Concerning measures to advance environmental justice by reducing cumulative impacts of air pollution, and, in connection therewith, making an appropriation.
2024 Regular Session
Natural Resources & Environment
Public Health
Bill Summary

House Bill 21-1266, enacted in 2021, authorized the creation of the environmental justice action task force to develop recommendations for measures to achieve environmental justice in the state. The task force completed its work and published a final report on November 14, 2022, which report included a recommendation for the development of environmental equity and cumulative impact analyses (EECIA) in the state.
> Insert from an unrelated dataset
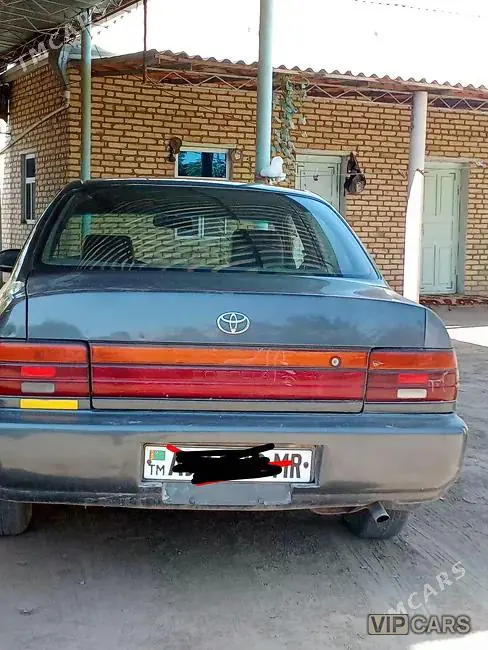 Toyota Corolla, 1992 — фото 2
Section 2 of the bill creates the office of environmental justice (office) in the department of public health and environment (CDPHE) and section 1 requires the office to oversee a process to develop at least 2 EECIAs for specific geographic locations in the state. Once an EECIA is developed, various state agencies will be able to rely on the EECIA in conducting cumulative impact analyses regarding potentially polluting activities.

The office must choose as locations for the EECIAs communities that are disproportionately impacted communities, with priority given to communities that have a heightened potential for widespread human exposure to environmental contaminants. After selecting a location for an EECIA, CDPHE must contract with an academic institution or other third party to develop an EECIA. In developing an EECIA, the applicable contractor must perform a scientifically rigorous analysis that includes most of the recommendations made by the environmental justice action task force. Within 9 months after completing the first EECIA, the department shall prepare a report regarding the EECIA, including identifying any recommendations or resources needed for implementing the findings of the EECIA. The department shall submit the report to certain legislative committees. Section 3 makes a technical change regarding the assessment of civil penalties for air quality law violations. On or after January 1, 2026, section 4 authorizes the elected officials of a city, town, county, or city and county (local governing body) to request that the air quality control commission (commission) impose limits on any new or increased operational emissions of certain health-related air pollutants that would affect individuals located in the geographic region governed by the local governing body. To obtain approval of such a request, the local governing body must demonstrate to the commission's satisfaction that:

  • The geographic region over which the local governing body has jurisdiction is cumulatively impacted by pollution; and
  • An agency of the local government governed by the local governing body has a process to review exemption requests from the limits on any new or increased operational emissions.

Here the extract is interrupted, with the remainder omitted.